Will Alsop (Soane Museum, till 7 June)

Daring to be different

Alan Powers

In a book of 1939, now probably all but forgotten, called Taste and Temperament, the mediaeval-art historian Joan Evans divided people into four types, according to their psychological make up. She was interested in defining, if not explaining, the wide range of characteristics apparent in works of art of all periods that seem to owe less to the 'spirit of the age' than to recurrent features of personality. Basing her types on the ancient doctrine of the humours, combined with some elements of Jung, she defined extroverts and introverts each in terms of quick and slow. Slow extroverts, she says, include those whose habits of mind are 'impersonal, amplifying and concrete'. The slow extrovert arranges facts and gets things done. The slow introvert is stoic and thinks about causes, living happily in monochrome surroundings. The two 'quick' types have a certain amount in common, being creatures of imagination, and while the quick introvert enjoys patterns and self-contained structures, the quick extrovert 'is the actor, the salesman, the courtier', at risk of self-indulgence and insincerity, but also visionary. If they lose their balance,' writes Evans, 'they become hysteric.'

Among the visual examples that Evans used to support her thesis, the architect Sir John Soane figures as a slow extrovert. This is explained by his desire to eliminate mouldings from his architecture, making him the precursor of the man whose 'present ideal [1939] is a modernistic flat without unnecessary ornament in it'. Visiting Sir John's house at 13 Lincoln's Inn Fields, specially in the years since its colour and drama have been restored to it, one needs to revise that designation. At least in his personal surroundings, Soane, a true man of the Romantic age, enjoyed theatricality, frequently 'lost his balance' and shared another characteristic of the quick extrovert in his enjoyment of the illusion of objects (ceilings, plaster casts) floating in space.

The Soane Museum has chosen to exhibit the work of the contemporary British architect Will Alsop in another of its challenging series of presentations of contemporary artists and architects whose selection predicates a relationship with their host. Perhaps the variety of figures who have already been presented in this context indicates how protean Soane actually was. At the exhibition opening, Alsop saluted him 'from one naughty architect to another', yet this is not the real description, only a sop to the pleasure-denying slow extroverts who make the rules of taste. Alsop's ability to subvert the dominant seriousness of architecture is rare (others try and become part of the process). The more he builds, the more he attracts admiration for daring to be different. Unlike Soane, he claims to have no theory, believing that 'the work serves a different master beyond architecture itself'.

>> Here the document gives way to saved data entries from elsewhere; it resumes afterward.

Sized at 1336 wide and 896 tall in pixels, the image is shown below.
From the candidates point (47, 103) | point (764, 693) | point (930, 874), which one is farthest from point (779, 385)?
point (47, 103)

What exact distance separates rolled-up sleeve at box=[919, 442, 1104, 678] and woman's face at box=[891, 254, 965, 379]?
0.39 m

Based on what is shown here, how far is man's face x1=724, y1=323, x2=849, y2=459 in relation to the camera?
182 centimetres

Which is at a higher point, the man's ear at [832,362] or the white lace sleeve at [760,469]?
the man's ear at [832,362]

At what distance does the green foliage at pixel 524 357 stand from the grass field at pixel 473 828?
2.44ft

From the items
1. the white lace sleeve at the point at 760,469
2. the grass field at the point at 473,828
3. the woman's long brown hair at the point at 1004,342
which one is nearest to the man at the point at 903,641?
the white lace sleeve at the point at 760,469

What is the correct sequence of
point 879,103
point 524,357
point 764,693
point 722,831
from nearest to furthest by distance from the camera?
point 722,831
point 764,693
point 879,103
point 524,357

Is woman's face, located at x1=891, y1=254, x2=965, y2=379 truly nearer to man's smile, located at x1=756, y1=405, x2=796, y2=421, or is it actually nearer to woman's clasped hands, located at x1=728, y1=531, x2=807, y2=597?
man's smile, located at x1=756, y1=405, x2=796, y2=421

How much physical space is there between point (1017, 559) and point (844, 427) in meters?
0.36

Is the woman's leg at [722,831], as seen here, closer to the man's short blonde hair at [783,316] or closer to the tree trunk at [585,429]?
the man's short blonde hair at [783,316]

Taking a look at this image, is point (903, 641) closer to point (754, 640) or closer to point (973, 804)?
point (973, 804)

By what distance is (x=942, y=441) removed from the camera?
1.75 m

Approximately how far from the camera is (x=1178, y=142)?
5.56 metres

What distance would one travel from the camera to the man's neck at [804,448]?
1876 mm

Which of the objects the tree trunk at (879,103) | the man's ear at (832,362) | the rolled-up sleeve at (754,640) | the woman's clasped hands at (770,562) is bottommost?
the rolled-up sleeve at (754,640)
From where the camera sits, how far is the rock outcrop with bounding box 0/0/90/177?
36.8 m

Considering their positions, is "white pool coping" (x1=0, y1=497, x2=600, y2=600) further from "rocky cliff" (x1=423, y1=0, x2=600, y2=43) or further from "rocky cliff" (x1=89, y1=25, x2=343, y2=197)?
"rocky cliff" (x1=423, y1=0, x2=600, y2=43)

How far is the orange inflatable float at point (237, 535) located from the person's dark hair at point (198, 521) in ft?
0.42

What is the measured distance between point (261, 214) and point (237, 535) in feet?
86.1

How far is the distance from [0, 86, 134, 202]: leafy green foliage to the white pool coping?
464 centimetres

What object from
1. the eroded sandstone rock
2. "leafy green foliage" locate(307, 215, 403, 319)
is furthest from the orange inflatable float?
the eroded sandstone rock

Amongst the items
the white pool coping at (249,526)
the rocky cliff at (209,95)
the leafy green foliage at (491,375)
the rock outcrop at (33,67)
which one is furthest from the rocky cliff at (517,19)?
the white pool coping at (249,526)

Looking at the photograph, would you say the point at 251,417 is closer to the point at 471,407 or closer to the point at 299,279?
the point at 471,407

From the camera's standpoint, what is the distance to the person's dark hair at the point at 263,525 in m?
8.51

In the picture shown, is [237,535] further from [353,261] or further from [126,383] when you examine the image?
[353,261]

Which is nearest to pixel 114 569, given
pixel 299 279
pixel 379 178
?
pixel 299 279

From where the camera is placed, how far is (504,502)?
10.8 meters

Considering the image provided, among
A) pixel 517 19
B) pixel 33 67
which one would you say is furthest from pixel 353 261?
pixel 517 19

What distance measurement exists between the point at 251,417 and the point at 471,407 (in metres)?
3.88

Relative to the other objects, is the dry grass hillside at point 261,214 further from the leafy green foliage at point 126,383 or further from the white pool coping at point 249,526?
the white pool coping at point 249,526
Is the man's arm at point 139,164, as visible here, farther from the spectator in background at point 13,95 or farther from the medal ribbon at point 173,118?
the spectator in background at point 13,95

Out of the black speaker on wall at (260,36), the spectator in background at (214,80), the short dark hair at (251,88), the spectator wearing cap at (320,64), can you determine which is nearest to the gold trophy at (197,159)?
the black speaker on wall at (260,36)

Alsop's resemblance to Soane goes beyond simple analogies such as a love of strong colour, although this helps the placing of Alsop's projects in model form around the house, as well as in the exhibition gallery, to succeed. Soane belonged to a generation that needed to assert the professional skill and probity of the architect. Classicists, from Inigo Jones to Soane in the English tradition, had professed that 'quick extroverts' (whom they would have classified after Galen as possessing the sanguine temperament) should conceal their true identity under a phlegmatic (or slow extrovert) public appearance. We have the Forsyte Saga before our eyes to remind us of the fate of the quick extrovert architect, Philip Bosinney, who lacks such self-control.

After early years in which Alsop's architecture shared the common fate of so many quick extroverts in being celebrated but largely unbuilt, he has achieved a breakthrough to productivity, at first in Europe, and now increasingly at home. The award of the Stirling Prize to his Peckham Library in 2000 was a turning point, and now he has several more projects in London as well as a large arts centre in West Bromwich about to start. When local authorities want to quicken (in both sens es) their localities, they send for Alsop and are not disappointed.

The Peckham Library looks crazy, but apart from a problem about changing the light bulbs (no jokes, please), it works rather better than the polished products of more ostensibly practical designers. The exhibition displays a number of Alsop's sketchbooks, full of quickfire visual oneliners whose cumulative effect finally materialises in three dimensions. It is a delicate balancing act which could tip over into selfparody or banality. Alsop believes in 'a confidence that allows you to enter the world of "NOT KNOWING" without worrying about it'. Architects have been worrying about something or other for years, and Soane was a particular sufferer. Alsop's levitation act is as surprising and delightful as someone who floats across your threshold on a cushion of air.